- TASK GOAL -
Repeat the listing word for word. Leave every picture out.

------ DATASET EXCERPT

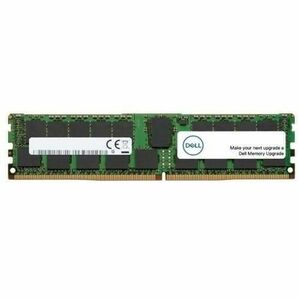 Memorie Server Dell Memory Upgrade AC140401-05, 16GB DDR4, 1Rx8, 3200MHz, UDIMM, ECC imagine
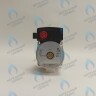 PH-W21CCW50-WC84BB-Комп Двигатель насоса (против часовой стрелки) 12/5 BOSCH WBN2000/WBN6000, BUDERUS U072  (аналог WILO TSL 12/5) в Новосибирске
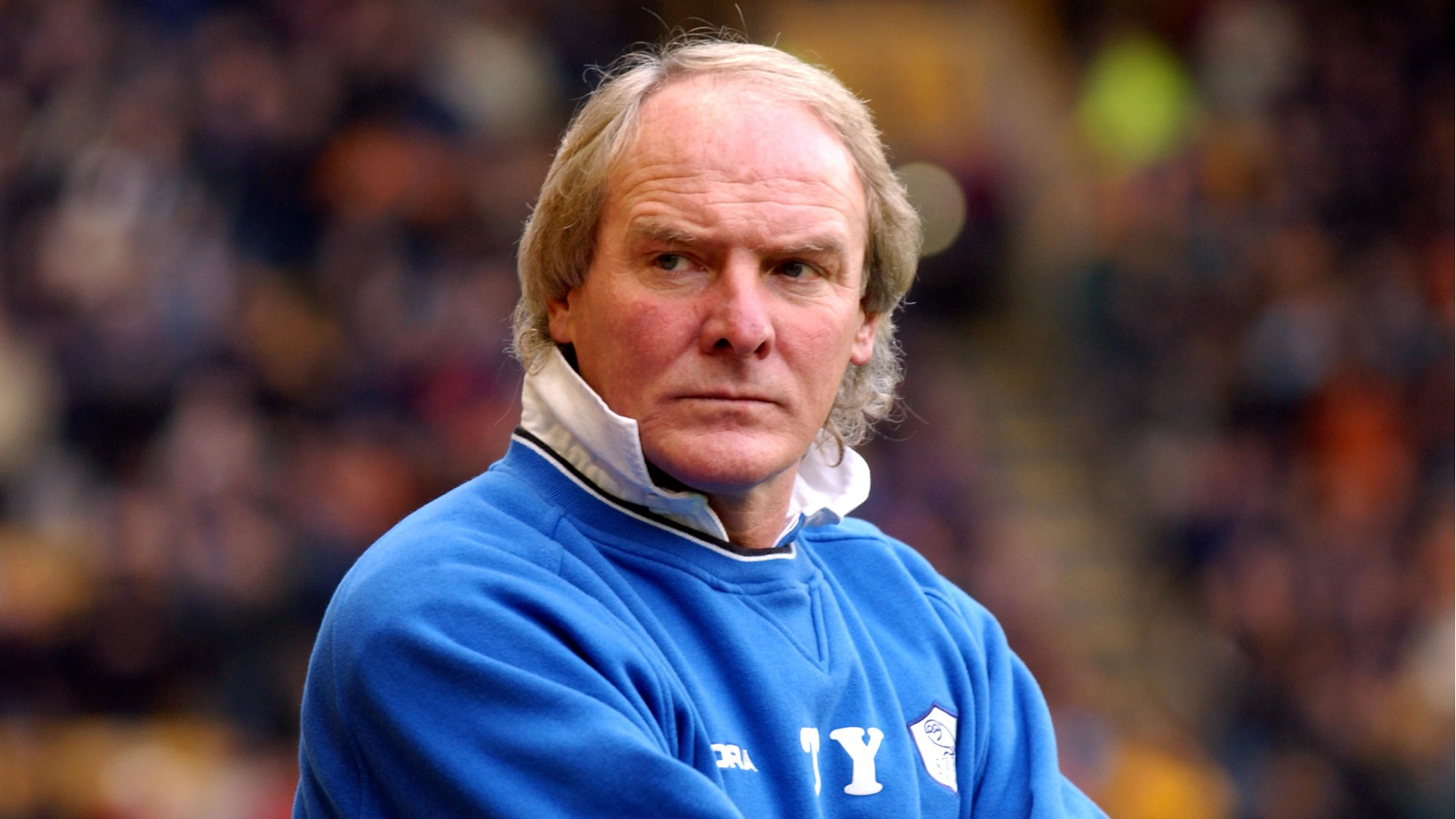 Former Leeds and Wales midfielder Yorath dies, aged 75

------------

- YOUR RESPONSE -
 Memorie Server Dell Memory Upgrade AC140401-05, 16GB DDR4, 1Rx8, 3200MHz, UDIMM, ECC imagine
 PH-W21CCW50-WC84BB-Комп Двигатель насоса (против часовой стрелки) 12/5 BOSCH WBN2000/WBN6000, BUDERUS U072  (аналог WILO TSL 12/5) в Новосибирске
 Former Leeds and Wales midfielder Yorath dies, aged 75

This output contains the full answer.